A team of scientists has found that reducing pollution in the Susquehanna River watershed—which includes portions of New York, Pennsylvania and Maryland—could ease the environmental effects of an “essentially full” reservoir behind the Conowingo Dam, whose pollution-trapping capacity has diminished in recent years.
The reservoir behind the Conowingo Dam—as well as those behind the Holtwood and Safe Harbor dams—has for decades trapped particles of sediment flowing down the Susquehanna River, as well as the nutrients that are often attached. But according to research from the Lower Susquehanna River Watershed Assessment (LSRWA) team, this reservoir is full. The once-effective “pollution gate” is trapping smaller amounts of sediment and nutrients and, during large storms, sending more of these pollutants into the Susquehanna River more often.
While researchers explored strategies for managing sediment at the dam, the team found that reducing pollution loads upstream of the dam would pose a more effective solution to the “full reservoir” problem.
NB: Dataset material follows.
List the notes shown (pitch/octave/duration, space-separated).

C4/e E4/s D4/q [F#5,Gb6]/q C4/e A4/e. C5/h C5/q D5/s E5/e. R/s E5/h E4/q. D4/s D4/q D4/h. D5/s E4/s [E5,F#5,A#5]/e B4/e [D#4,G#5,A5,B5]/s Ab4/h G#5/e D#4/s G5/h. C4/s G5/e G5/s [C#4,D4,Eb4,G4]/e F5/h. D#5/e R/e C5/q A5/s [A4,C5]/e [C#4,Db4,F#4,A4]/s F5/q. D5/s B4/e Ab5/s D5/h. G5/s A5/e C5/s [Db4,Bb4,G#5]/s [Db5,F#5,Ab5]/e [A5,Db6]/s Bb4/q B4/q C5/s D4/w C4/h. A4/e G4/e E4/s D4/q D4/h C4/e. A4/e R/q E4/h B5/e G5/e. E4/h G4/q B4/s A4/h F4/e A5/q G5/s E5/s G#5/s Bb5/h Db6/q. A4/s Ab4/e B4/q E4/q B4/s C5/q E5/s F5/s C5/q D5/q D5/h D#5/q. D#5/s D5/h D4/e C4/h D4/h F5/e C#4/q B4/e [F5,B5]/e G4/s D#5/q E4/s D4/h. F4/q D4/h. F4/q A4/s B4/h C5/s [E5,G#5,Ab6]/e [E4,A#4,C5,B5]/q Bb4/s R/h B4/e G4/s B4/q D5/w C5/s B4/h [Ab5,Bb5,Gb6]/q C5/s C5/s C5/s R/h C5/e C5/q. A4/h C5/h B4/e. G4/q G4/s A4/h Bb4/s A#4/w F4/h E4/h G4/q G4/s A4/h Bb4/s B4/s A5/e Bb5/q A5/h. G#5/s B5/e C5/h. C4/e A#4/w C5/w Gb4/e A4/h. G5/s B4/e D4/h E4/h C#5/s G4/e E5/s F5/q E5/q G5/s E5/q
Indeed, dredging, bypassing or other operational changes would come with high costs and low or short-lived benefits. But adhering to the Chesapeake Bay’s “pollution diet”—and taking additional steps to reduce pollution where possible—would offer management flexibility and environmental benefits.
The Chesapeake Bay Total Maximum Daily Load (TMDL) was established in 2010 to reduce nutrient and sediment loads across the watershed. Lowering these pollutants is integral to restoring the health of the Bay: excess sediment can cloud the water and harm underwater grasses, fish and shellfish, and nutrients can fuel the growth of harmful algae blooms. While the LSRWA team did find that the effects of the sediment that “scour” from the Conowingo reservoir cease once it settles to the bottom of the river, the effects of nutrient pollution linger. Green infrastructure, forest buffers and sound farm and lawn management can help businesses, landowners and individuals contribute to a restored Chesapeake.
Sediment reservoirs near the mouth of the Susquehanna River are filling up faster than researchers expected, posing a new obstacle for improving water quality in the Chesapeake Bay.
As the holding areas behind the lower Susquehanna's three dams reach capacity, their ability to trap upriver sediment and the phosphorous that is often attached wanes, and the sediment that is held grows more and more likely to flow out of the reservoirs and into the river.
According to a report released by the U.S. Geological Survey (USGS), strong storms, severe flooding and faster-moving water have turned the one-time pollutant blockers into less effective gates.
The Susquehanna delivered more phosphorous and sediment into the Bay last year than it has in more than three decades of monitoring. The past 15 years have seen a 55 percent increase in phosphorous entering the Bay from the river and a 97 percent increase in sediment. And while nitrogen flow has dropped, it shows a jump during large storms--like Tropical Storm Lee in 2011 or Hurricane Ivan in 2004--and the flooding that follows.
Excess nutrients and sediment can harm fish, shellfish and underwater grasses. Nitrogen and phosphorous fuel the growth of algae blooms that rob water of oxygen and, with suspended sediment, cloud the water and block the sunlight that plants need to grow.
A previous USGS report cited improvements in nutrient and sediment trends as a sign of improving Bay health. The USGS has seen significant reductions in nutrient and sediment concentrations upstream of the reservoirs, which reflect the positive impacts of conservation efforts in the Susquehanna watershed. But the filling reservoirs behind the Safe Harbor and Holtwood dams in Pennsylvania and the Conowingo Dam in Maryland overshadow the pollution reduction progress that is being made.
The Lower Susquehanna River Watershed Assessment team, composed of federal, state and regional partners and administered by the U.S. Army Corps of Engineers, is exploring ways to expand the reservoirs' capacity.